Cerro Dragon & Eden Islet
We woke up in yet another new location: the northeastern-most corner of Santa Cruz Island. The sea around us was flat calm, so every ripple caught the eye. During breakfast something large made a huge splash; never found out what. The mystery of the ocean inhabitants keeps us alert and attentive, wanting to know more, wanting to see more.
But before entering the water, we visited land, an area known as Cerro Dragon. This place is known for the large, yellow-orange land iguanas endemic to Galápagos. This rainy season has been heavier than normal, and the vegetation is lush and tall, making finding ground-dwelling reptiles a tad tricky, or so we thought. Fortunately we had some sharp-eyed hikers along and had some exceptional views of these endangered and vulnerable iguanas hiding under shrubs and in the thigh-high grass. Twice my group found them actually in the trail – understandably the easiest path to follow from A to B! The endemic Gossypium darwini, or Darwin’s cotton, had blooms galore; common stilts and pintail ducks were found in the lagoon; the Palo Santo trees smelled delicious, as they should, also being called incense trees.
By the time we made it back to the ship, the majority were more than ready to go snorkeling – anything to cool down! The Zodiacs dropped us off into the deep waters around the Guy Fawkes Islets, about a mile off-shore the main island of Santa Cruz. That turned out to be a big success, with clear water, a white-tipped reef shark (or two), green sea turtle, spotted eagle ray and schools of the beautiful steel pompanos which visit Galápagos only when the waters are warm.
The afternoon has us spending time around Eden Islet further to the west, also off the main island of Santa Cruz. Zodiac tours saw Nazca boobies, blue-footed boobies, marine iguanas and a school of large mustard rays near the surface, who very kindly let us view them from every which way around the boat so all got great views. Afternoon snorkelers got a treat when two octopi were sighted, flashing colors at each other; more sharks were spotted and large schools of the endemic salemas flowed past.

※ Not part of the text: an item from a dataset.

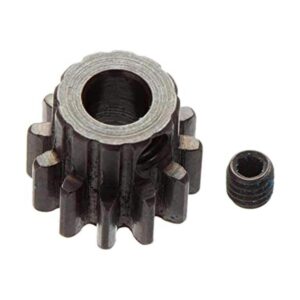 ARRMA Engranaje de piñón de acero 12T Mod1 0.197 in_1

Just before sunset the National Geographic Endeavour had sailed east to circumnavigate the small island of Daphne Major. Renowned in the scientific world for the research on Darwin’s finches, this study being carried out by Peter and Rosemary Grant is still on-going after more than 30 years! In fact as we made our way around the island, Peter and Rosemary themselves waved back in response to our salutations; obviously this year they have arrived themselves to see what is happening on the islands, rather than sending a graduate student instead.
Unexpectedly, the sky remained clear after sunset, so one of our naturalists, Walter, got the laser pointer and from the bow of the ship pointed out the predominant stars in this equatorial region. This time of year, one cannot depend on having clear skies at any time, so we took advantage of this little gift before recap and dinner. On the equator, the sun rises and sets very close to six o’clock, so it got dark quickly, and soon enough everyone was out on deck under a very starry night. What a great finale to a full day.